Reprinted from the Hoosier Times.

Afghanistan remains the world's largest producer of opium poppy despite efforts by the war-battered country to stop trade and cultivation of the crop that is used to make heroin, the U.N. drug agency said Monday in a new report.

Opium grew more profitable in 2002 than in the last years of Taliban rule in spite of efforts by the government of President Hamid Karzai and international workers to stamp out production and sales, the Vienna-based U.N. Office on Drugs and Crime said.

Afghanistan's opium production was 3,750 tons in 2002, more than 15 times that of 1979, when the Soviets invaded. Production hit a peak in 1996 at nearly 5,070 tons of opium.

Production fell to almost insignificant levels in 2001 following a Taliban-imposed ban on cultivation.
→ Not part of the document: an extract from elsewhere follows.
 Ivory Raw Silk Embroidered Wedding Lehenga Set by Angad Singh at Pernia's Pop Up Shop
Trade was still legal, however, leading to speculation that the move was intended to increase the price of opium poppy. Prices jumped tenfold following the ban.

From 1994 to 2000, opium brought in about $150 million per year — or $750 per family involved in its production. By 2002, gross income had risen to $1.2 billion — or $6,500 per family, the report said.
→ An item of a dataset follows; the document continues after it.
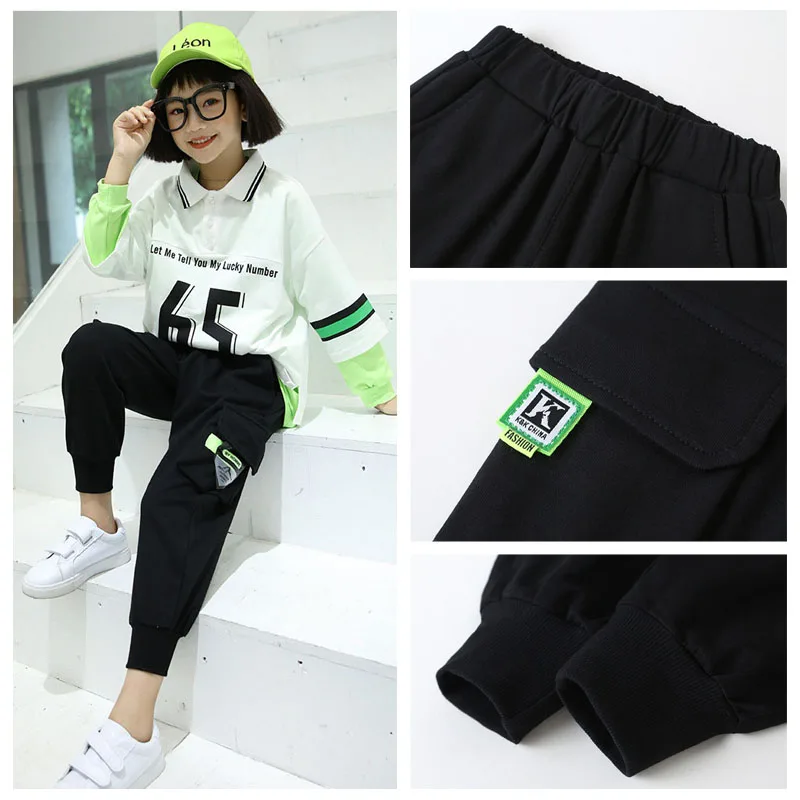 

Kids Casual Black Pants Boys Girls Cotton Trousers Sweatpants Children Cargo Pants Spring Autumn Fashion Teenage Streetwear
Although much of that cash ends up in the hands of smugglers and warlords, the amounts are dizzying in a country where the average wage does not exceed $2 per day.

Only a handful of legal crops, such as truffles at $365 per pound, are more profitable than opium, it said.
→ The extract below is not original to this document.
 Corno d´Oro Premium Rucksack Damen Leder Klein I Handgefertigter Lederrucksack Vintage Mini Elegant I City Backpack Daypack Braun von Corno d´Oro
Noting that poppy is produced with the cheap labor of women, children and refugees, the U.N. office urged authorities to create more jobs for women and provide better education to children, especially girls.

"The opium economy of Afghanistan is an intensely complex phenomenon," said Antonio Maria Costa, director of the U.N. drug office. "Spawned after decades of civil and military strife, it has chained a poor rural population — farmers, landless labor, small traders, women and children — to the mercy of domestic warlords and international crime syndicates."